Zing Forum

Reading

VAPO and SlideASR-Bench: An End-to-End Slide Speech Recognition Solution to Address Visual Interference in Multimodal Large Models

The ACL 2026 main conference paper VAPO proposes a visual anchoring strategy optimization method, which solves the visual interference problem of multimodal large language models in slide speech recognition through the "look first, listen later" reasoning chain, and open-sources the SlideASR-Bench benchmark dataset.

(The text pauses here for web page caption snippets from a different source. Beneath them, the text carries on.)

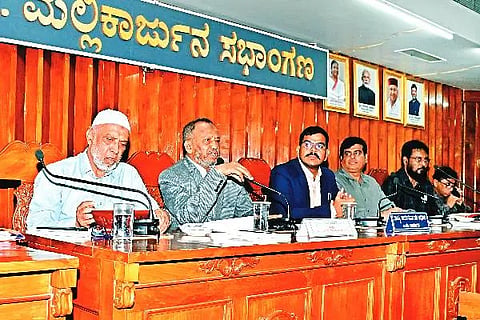 ದಾವಣಗೆರೆ ಜಿ.ಪಂ. ಸಭಾಂಗಣದಲ್ಲಿ ಬುಧವಾರ ಆಯೋಜಿಸಿದ್ದ ಅಲ್ಪಸಂಖ್ಯಾತರ ಕುಂದುಕೊರತೆ ವಿಚಾರಣೆ ಸಭೆಯಲ್ಲಿ ಯು. ನಿಸಾರ್ ಅಹಮದ್ ಮಾತನಾಡಿದರು. ಗಿತ್ತೆ ಮಾಧವ ವಿಠ್ಠಲರಾವ್, ರಾಜ್ಯ ಅಲ್ಪಸಂಖ್ಯಾತರ ಆಯೋಗದ ಅಧಿಕಾರಿಗಳು ಇದ್ದರು.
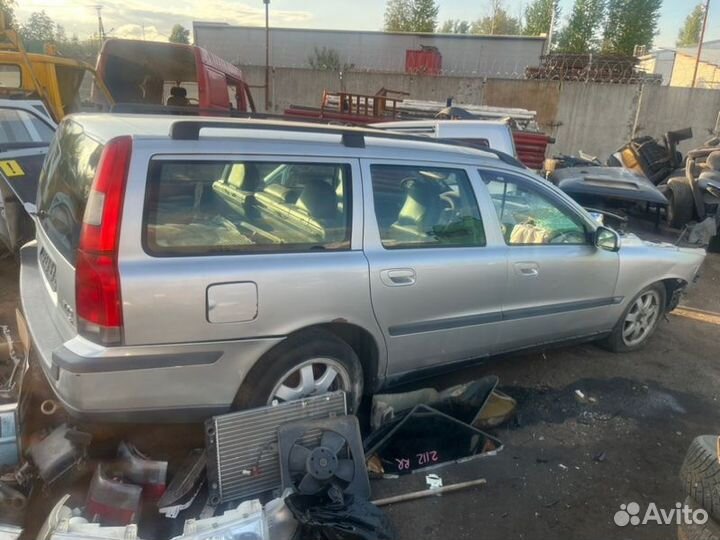 Вольво в70 в разбор, на запчасти Volvo V70 2002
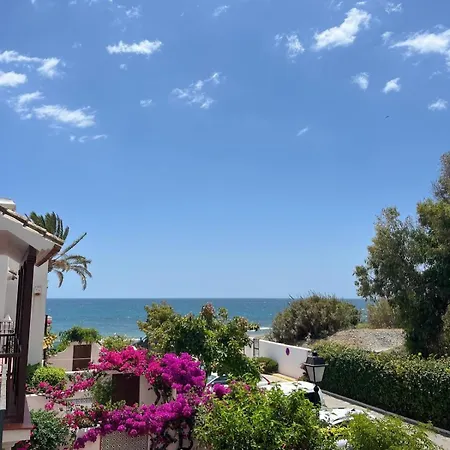 - Villacana 2345 * Estepona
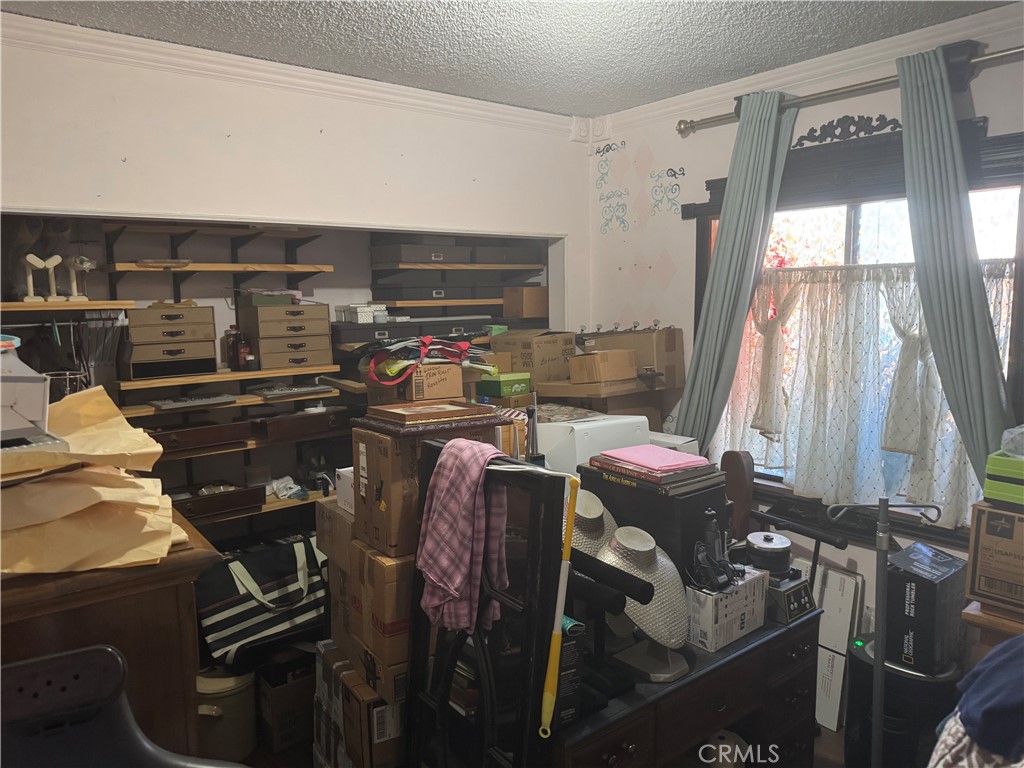 1519 W 69th Property Photo 2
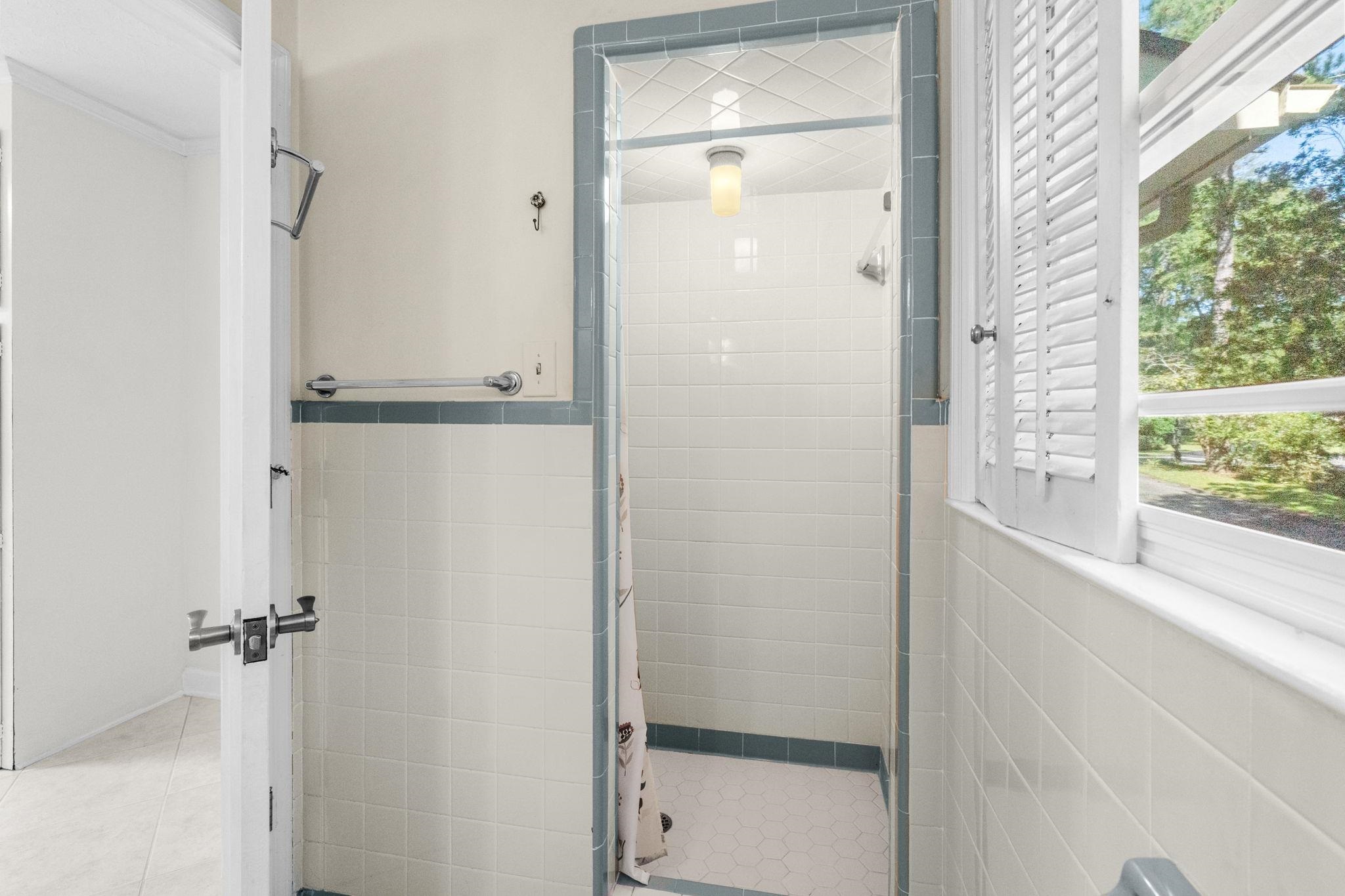 241 Center Dr. Property Photo 29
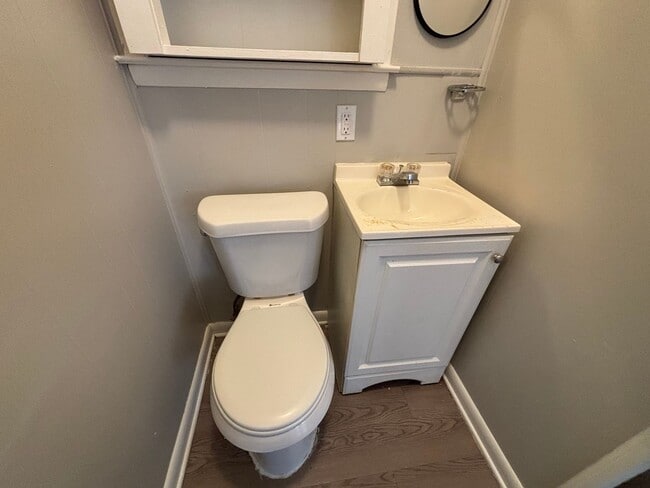 Building Photo - 837 Carrolton Rd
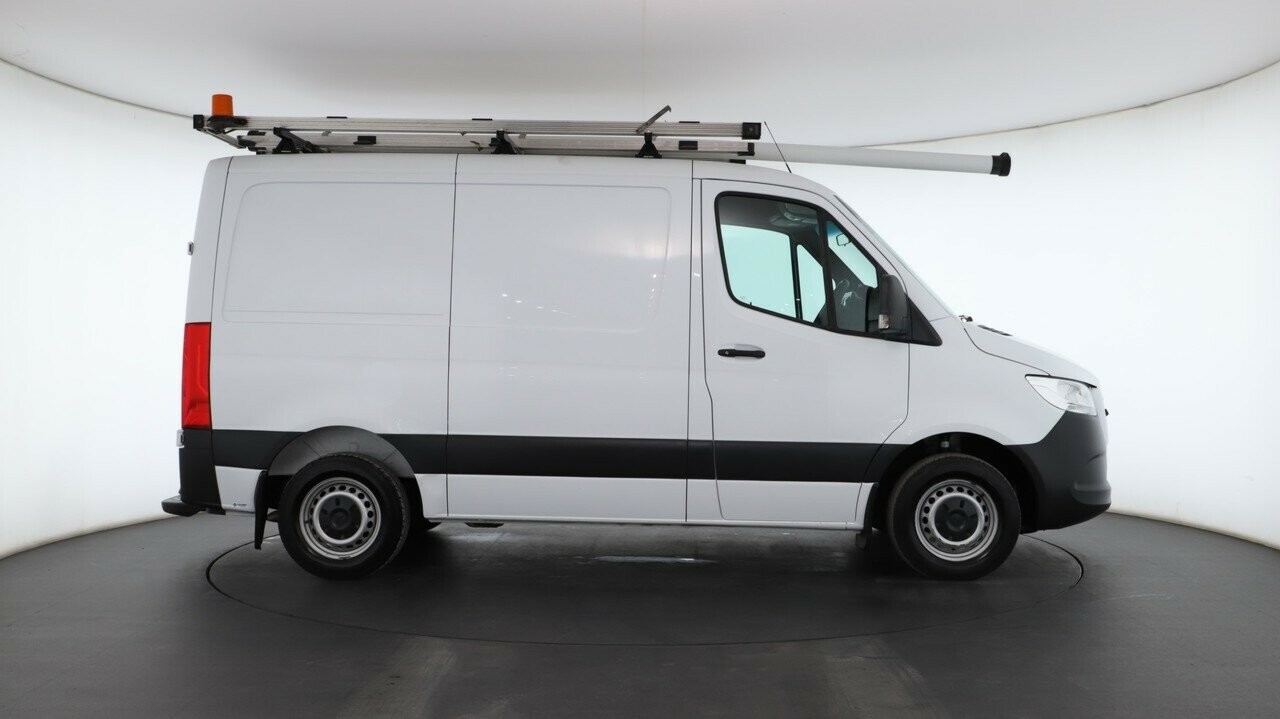 Mercedes Benz Sprinter image 2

语音识别多模态学习视觉干扰全模态大模型强化学习基准数据集
Published 2026-04-07 09:15Recent activity 2026-04-07 09:17Estimated read 1 min
VAPO and SlideASR-Bench: An End-to-End Slide Speech Recognition Solution to Address Visual Interference in Multimodal Large Models
1

Section 01

导读 / 主楼:VAPO and SlideASR-Bench: An End-to-End Slide Speech Recognition Solution to Address Visual Interference in Multimodal Large Models

Introduction / Main Floor: VAPO and SlideASR-Bench: An End-to-End Slide Speech Recognition Solution to Address Visual Interference in Multimodal Large Models

The ACL 2026 main conference paper VAPO proposes a visual anchoring strategy optimization method, which solves the visual interference problem of multimodal large language models in slide speech recognition through the "look first, listen later" reasoning chain, and open-sources the SlideASR-Bench benchmark dataset.